I have been planning to make a copper heat shield for my Morsø 2b. It is installed under a stair and the clearances are okay, but I'd like to not worry about it since they are close. I am planning to run the copper up under the angle of the stairs and I am curious what gauge copper other folks have used for their hammered heat shields. I am especially curious Simonkenton if you used the same gauge copper for the freestanding screens you mentioned and the nailed-on shield pictured. My only experience with hammered copper is in copper jewelry making not sheet stock and I am trying to figure out what gauge would work best given that I am planning to use fasteners only at the edges of the 36" wide sheet.


----------



## Simonkenton (Oct 18, 2016)

Yes I used the same copper for the free standing heat shields as I used for the nailed on shield.
I don't know what gauge it is and I haven't bought any copper in 20 years and the shop I bought it from has shut down so can't learn what gauge it is.
It is pretty heavy.
With this heavy copper you could use fasteners only at the edges of a 36 inch wide sheet, you could bend it straight so that it would hold about an inch from the wall.
I was buying this copper in 3x5 foot sheets from a sheet metal shop in Asheville NC.

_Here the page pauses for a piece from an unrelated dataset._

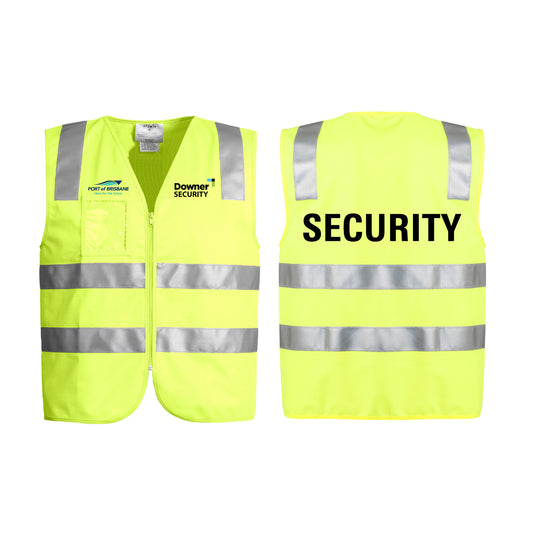Unisex Hi Vis Zip Vest – YELLOW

Here is a pic of the new heat shield install.




I just took the copper from the old install and moved it into the new living room.
I don't have a good pic of the heat shield but even if I did the shield looks better in person than in a pic.
A hammered copper heat shield is a beautiful thing.


----------



## Easy Livin’ 3000 (Oct 19, 2016)

Is steel a bad idea?  How does it reflect compared to copper?


----------



## ddahlgren (Oct 19, 2016)

A steel 2X3 stud makes a really simple standoff with one flange for the wall and one for the heat shield. Yes it can conduct heat in theory but won't with the air circulation over it. Bought some 0.093 brushed aluminum panels from local metal supplier as 'cut offs' so basically scrap price and were 48" X 16" had the last 6" bent on the aluminum on a 30 degree angle. Screwed them to the steel studs and real easy not fooling with spacers behind the heat shield. Works great and reflects heat back into the room like crazy. Will see if I have some pics if anyone curious and no did not paint it as wanted the reflected radiant heat.


----------



## Easy Livin’ 3000 (Oct 19, 2016)

Thinking about lining the sides of the brick fireplace with steel sheet as there is not enough space for roxul, which is what we have behind the insert. Wonder if it would reflect enough of the heat away from the bricks to be worth the effort?


----------



## GreenKachelofen (Oct 19, 2016)

I can't speak to how effectively it would reflect heat as in my case it will be a standard heatshield with an air gap which is more of a convection situation. Thanks Simonkenton! The new heat shield looks good. It's nice to know someone else has actually done this. I just figured it would look a lot nicer overhead than cement board.


----------